Semaphorin 5A inhibits synaptogenesis in early postnatal- and adult-born hippocampal dentate granule cells
Abstract
Human SEMAPHORIN 5A (SEMA5A) is an autism susceptibility gene, however its function in brain development is unknown. Here we show that mouse Sema5A negatively regulates synaptogenesis in early, developmentally-born, hippocampal dentate granule cells (GCs). Sema5A is strongly expressed by GCs and regulates dendritic spine density in a cell-autonomous manner. In the adult mouse brain, newly born Sema5A-/- GCs show an increase in dendritic spine density and increased AMPA-type synaptic responses. Sema5A signals through PlexinA2 co-expressed by GCs, and the PlexinA2-RasGAP activity is necessary to suppress spinogenesis.

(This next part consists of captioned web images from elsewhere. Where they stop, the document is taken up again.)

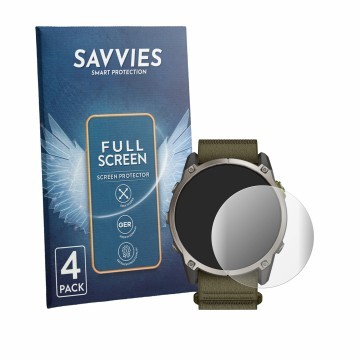 Parte frontale di una confezione del prodotto con il logo del marchio Savvies. Accanto è raffigurato il dispositivo Garmin End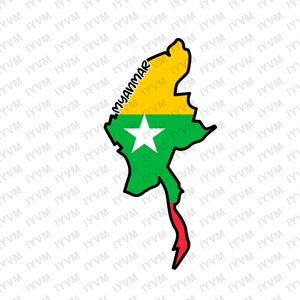 Op de afbeelding: Een kaart van Myanmar met de kleuren van de vlag van het land: geel, groen en rood. De vlag heeft een witte ster in het midden.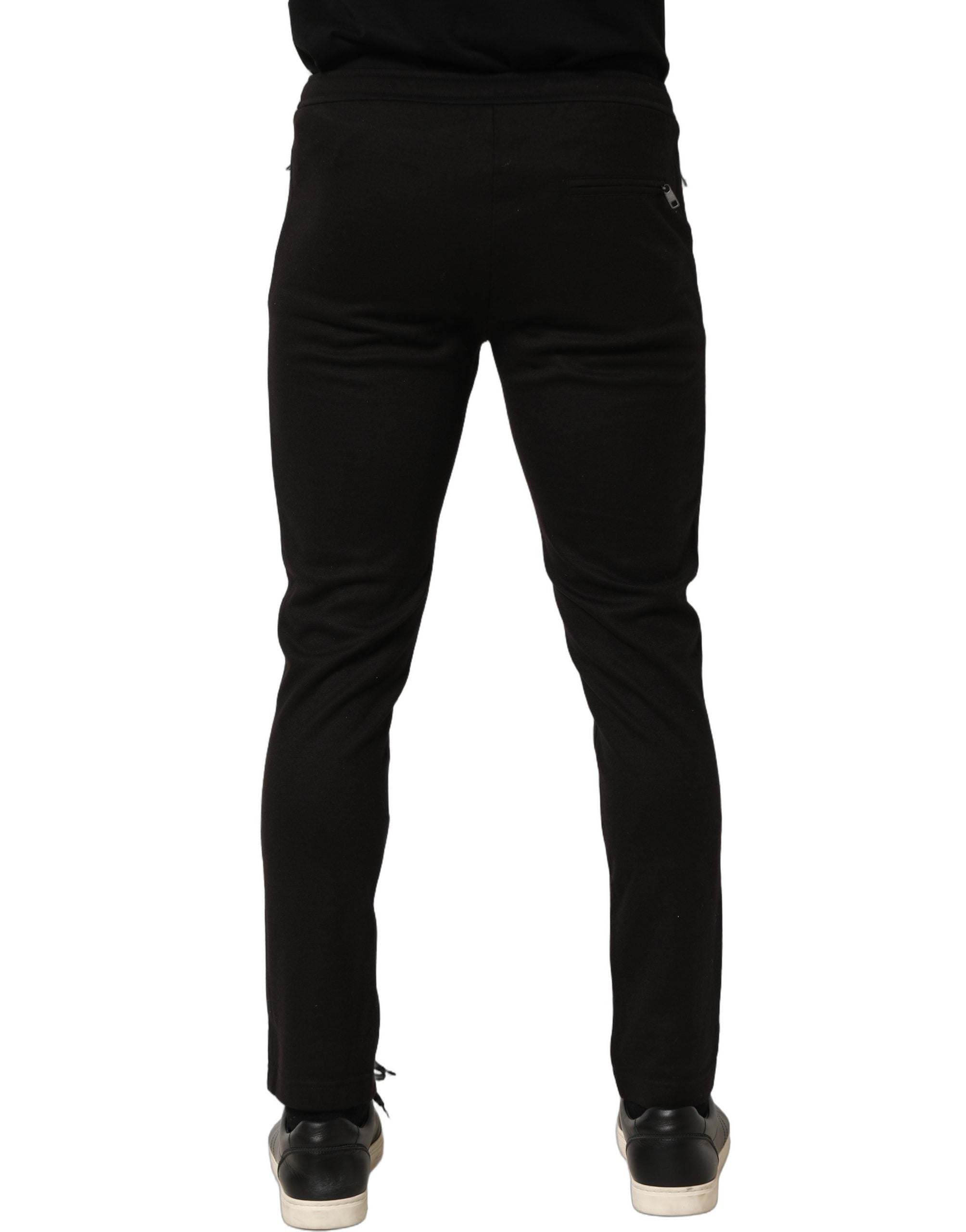 Dolce & Gabbana Black Wool Jogger Men SweatMen's Trouser Men's Pants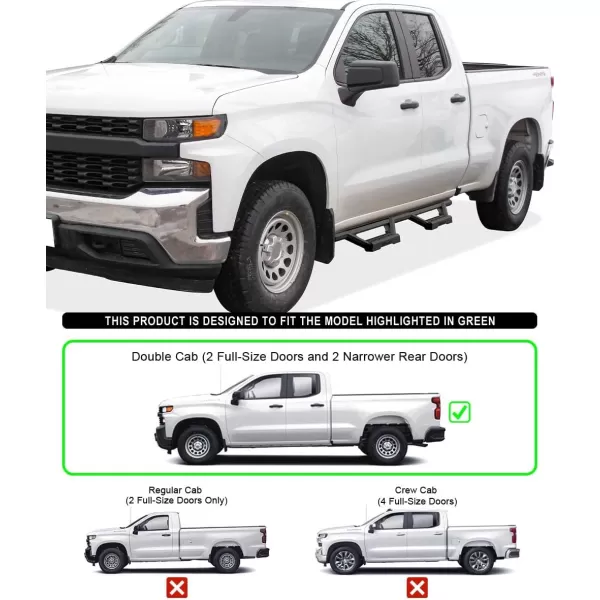 imageAPS Stainless Steel Pocket Steps Running Boards Compatible with Silverado Sierra 1500 20192025 Extended Cab ampamp 2500 3500 20202025 Exclude 19 1500 LDSilverado 1500 LTD Sierra 1500 LD 2022Black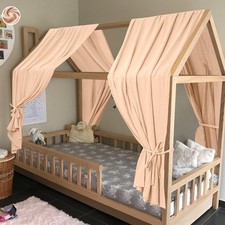 Hausbett Himmel 2 Stück Betthimmel Babybett aus Musselin Weich und atmungsaktiv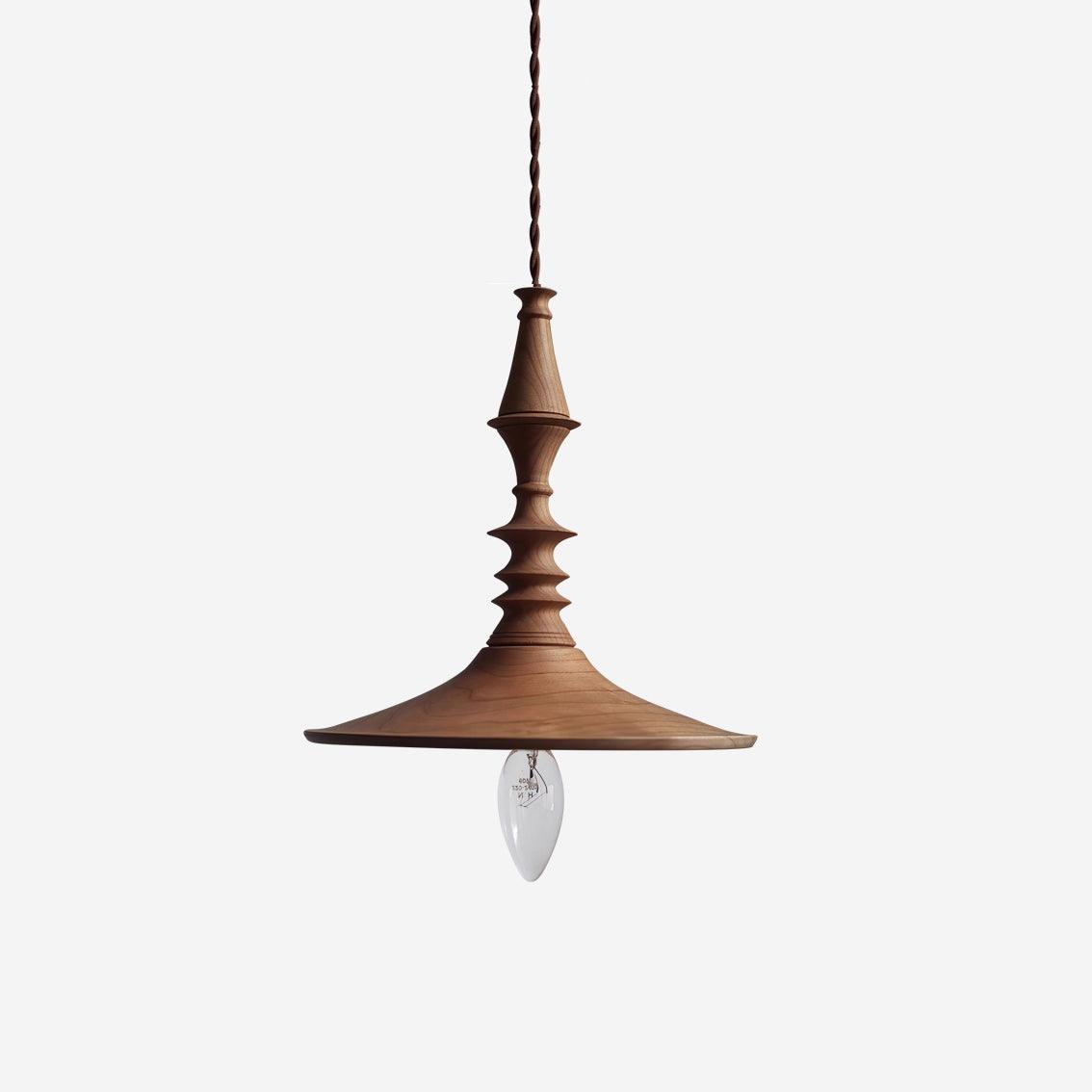 Tessira hanglamp van walnoothout met industriële stijl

Like Sema5A-/- mutants, PlexinA2-/- mice show an increase in GC glutamatergic synapses, and we show that Sema5A and PlexinA2 genetically interact with respect to GC spine phenotypes. Sema5A-/- mice display deficits in social interaction, a hallmark of autism-spectrum-disorders. These experiments identify novel intra-dendritic Sema5A/PlexinA2 interactions that inhibit excitatory synapse formation in developmentally- and adult-born GCs, and they provide support for SEMA5A contributions to autism-spectrum-disorders.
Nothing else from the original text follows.